-- SUPPLIED RECORDS --
+ + + + +

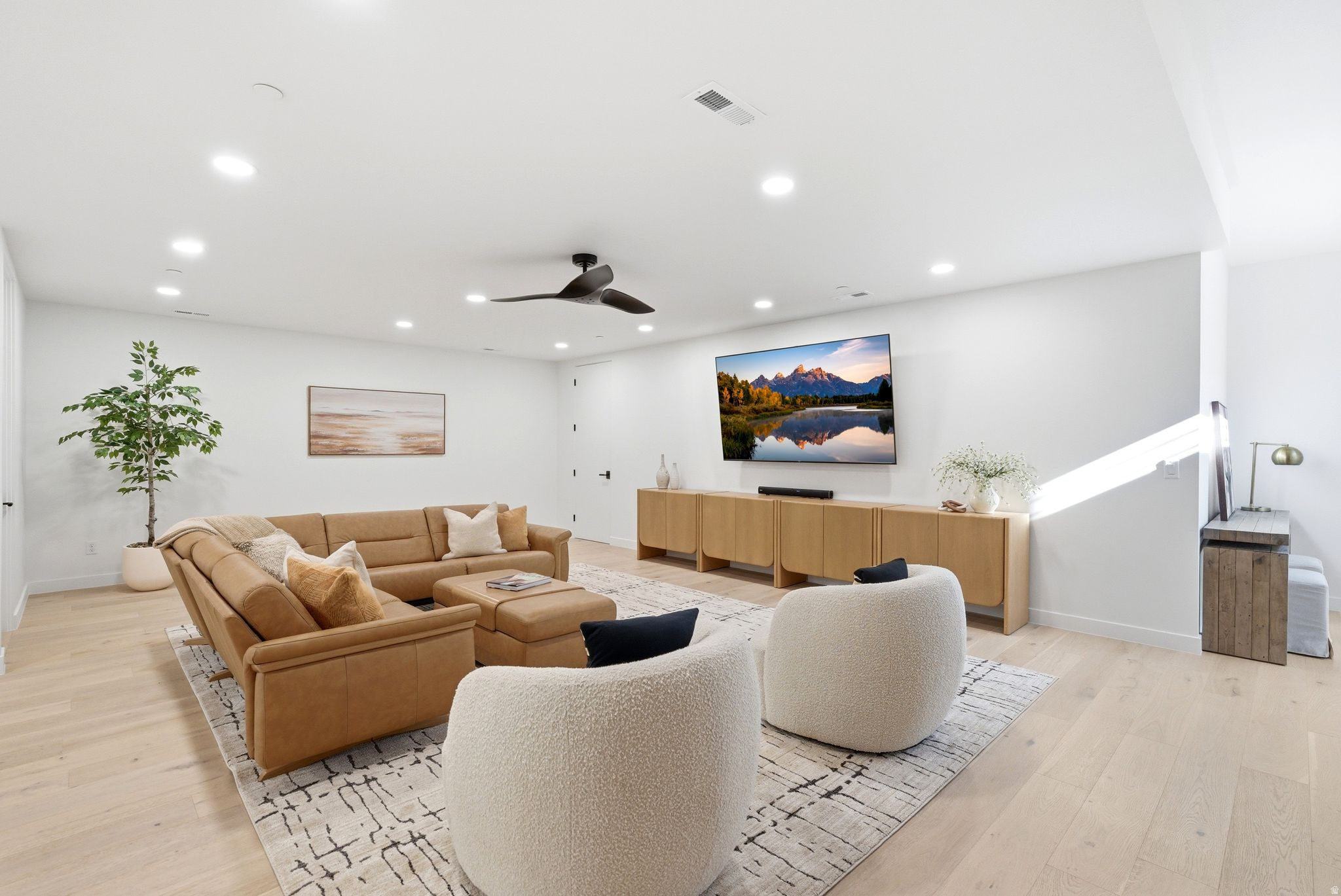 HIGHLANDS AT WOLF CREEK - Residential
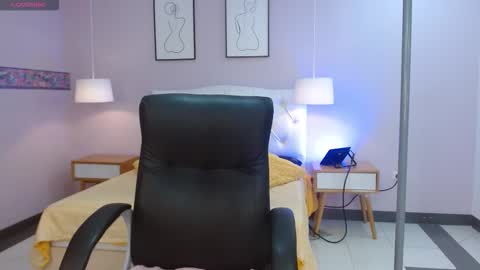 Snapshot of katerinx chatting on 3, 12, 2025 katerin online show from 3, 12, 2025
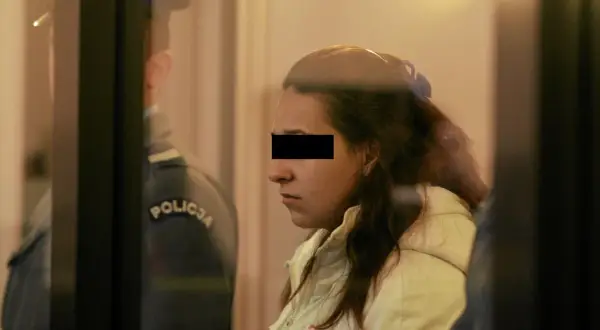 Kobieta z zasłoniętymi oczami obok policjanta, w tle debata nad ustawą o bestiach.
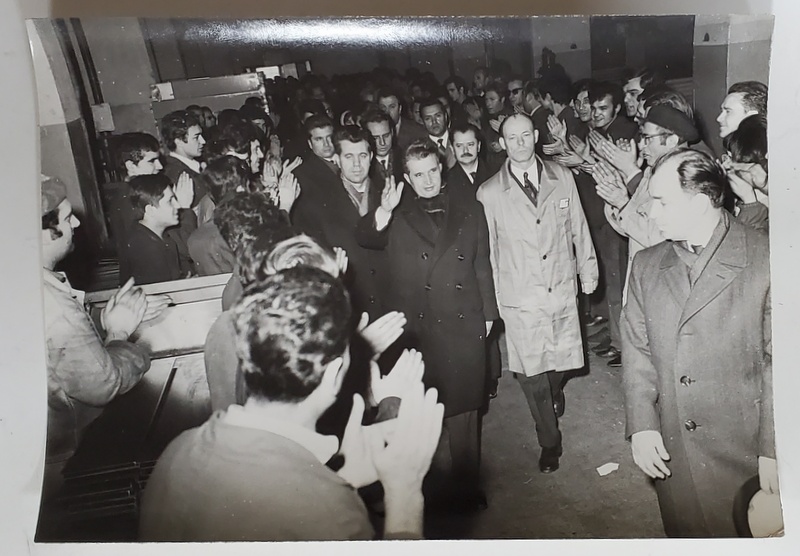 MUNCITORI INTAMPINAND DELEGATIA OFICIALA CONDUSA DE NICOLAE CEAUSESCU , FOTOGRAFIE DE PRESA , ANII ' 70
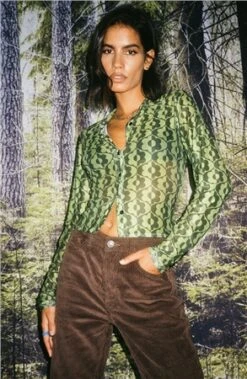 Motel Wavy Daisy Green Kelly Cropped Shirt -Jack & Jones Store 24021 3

+ + + + +

Write out, exactly as they stand, the line with "MUNCITORI INTAMPINAND DELEGATIA" and every line after it through the end of the entries above; omit the pictures.

-- WRITTEN SOLUTION --
 MUNCITORI INTAMPINAND DELEGATIA OFICIALA CONDUSA DE NICOLAE CEAUSESCU , FOTOGRAFIE DE PRESA , ANII ' 70
 Motel Wavy Daisy Green Kelly Cropped Shirt -Jack & Jones Store 24021 3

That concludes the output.